We discovered that even if the initial attempt does not succeed, we can still refer to the AI-generated code and modify it to achieve the desired outcome more efficiently.

Human Generated Code

import os
from PIL import Image, ImageOps
Image.MAX_IMAGE_PIXELS = None

# Prompt for inputs
org_dir = input('Input the orginal folder name.')
print(org_dir)
resized_dir = input('Input a folder name for resized images.')
print(resized_dir)
os.mkdir(f'{resized_dir}')
dir_list = os.listdir(org_dir)
input_long_side = input('Input long side length in inches. (e.g. 8,9,10 or 11): ')
long_side = int(input_long_side)
long_side_pixels = long_side * 300

# Batch process. Will process a directory with sub-directories.
for subDir in dir_list:
    print('Now processing folder: ', subDir, 'please wait...')
    os.mkdir(f'{resized_dir}/{subDir}')
    og = f'{org_dir}/{subDir}'
    orgScans = os.listdir(og)

    for orgImage in orgScans:
        orgFileName = f'{org_dir}/{subDir}/{orgImage}'
        newFileName = f'{resized_dir}/{subDir}/{orgImage}'
        if(orgImage.startswith('.')):
            print('Ignore a hidden file: ', orgFileName, 'still processing files. Please wait...')
        elif(orgImage == 'Thumbs.db'):
            print('Ignore file: ', orgFileName, 'still processing files. Please wait...')
        else:
            newJPG = newFileName.split(".")
            resizedJPG = newJPG[0] + ".jpg"
            img = Image.open(orgFileName)
            width,height = img.size
            area = width * height

            if (area >= 89478485):
                print('File: ', orgFileName, 'exceeds pixel limitation and would not be converted. Please convert it manually.')
            else:
                rgb_image = img.convert('RGB')
                resizedImage = ImageOps.contain(rgb_image, (long_side_pixels,long_side_pixels))
                resizedImage.save(resizedJPG, dpi=(300, 300))

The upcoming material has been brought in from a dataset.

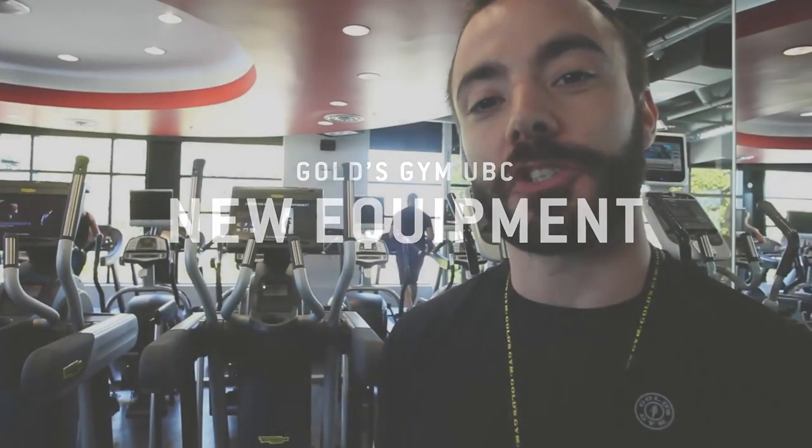Hey you guys, so I'm going to get Kyle today to show you — from Sigma Chi — he's going to show you some of the new equipment that we've got here in the gym. Alright, let's go check it out.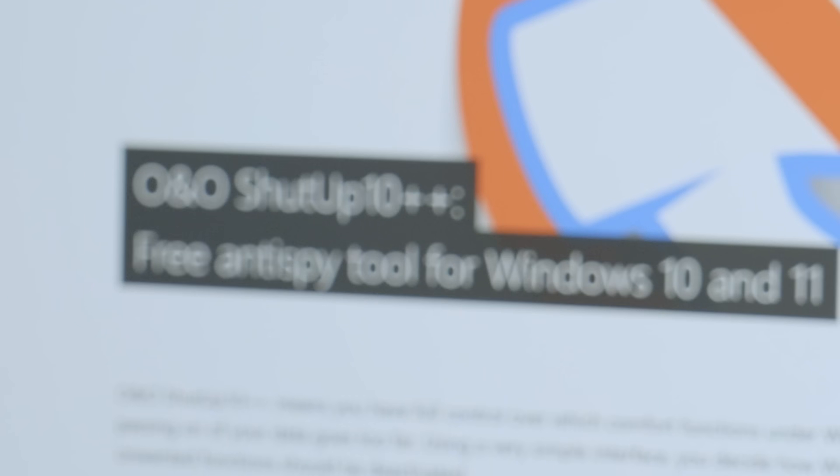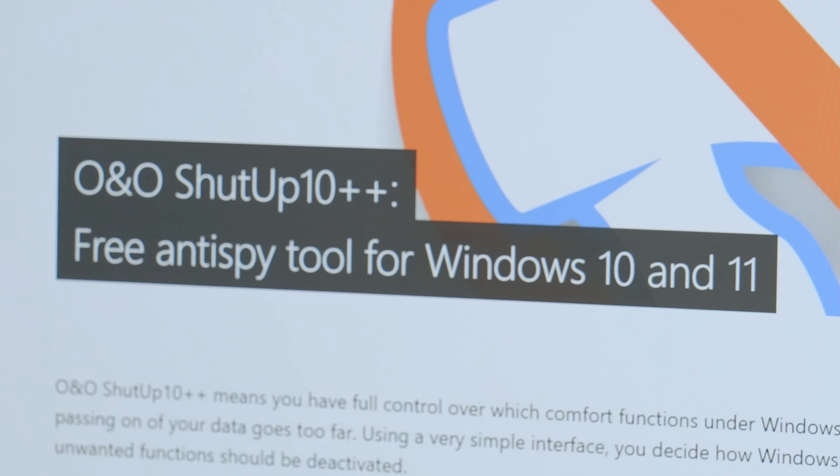Continuing with our series on software everyone should have on their PC, we're going to talk about one that's been around for quite a while. It's by O&O and it's called Shut Up 10++. Basically, what this is going to do is allow you to turn off all of that annoying spyware telemetry data that Windows is collecting.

print('Total processed ', len(dir_list), 'folders.')

AI-generated Code

import os
from PIL import Image

# Prompt for original directory
orig_dir = input("Enter the path of the directory containing original images to be resized: ")

# Prompt for root folder name for resized images
root_folder_name = input("Enter the name of the root folder to hold all resized images: ")
root_folder_path = os.path.join(os.path.dirname(orig_dir), root_folder_name)
long_side_inches = float(input("Enter the size in inches for the long side of a resized image: "))

# Create root folder if it doesn't already exist
if not os.path.exists(root_folder_path):
    os.mkdir(root_folder_path)

# Walk through the original directory and its subdirectories
for dirpath, dirnames, filenames in os.walk(orig_dir):
    # Create corresponding subdirectories in the root folder
    subfolder_path = os.path.join(root_folder_path, os.path.relpath(dirpath, orig_dir))
    if not os.path.exists(subfolder_path):
        os.mkdir(subfolder_path)

    # Loop through image files in current directory
    for filename in filenames:
        # Check if file is an image
        if filename.lower().endswith(('.jpg', '.jpeg', '.png', '.tif', '.tiff')):
            # Open image and get dimensions
            filepath = os.path.join(dirpath, filename)
            img = Image.open(filepath)
            width, height = img.size

            # Determine new dimensions based on user input and maintain aspect ratio
            if width >= height:
                new_width = int(long_side_inches * 300)
                new_height = int(height * new_width / width)
            else:
                new_height = int(long_side_inches * 300)
                new_width = int(width * new_height / height)

            # Resize image and save as .jpg
            resized_img = img.resize((new_width, new_height))
            new_filepath = os.path.join(subfolder_path, filename)
            new_filepath = os.path.splitext(new_filepath)[0] + '.jpg'
            resized_img.save(new_filepath, format='JPEG')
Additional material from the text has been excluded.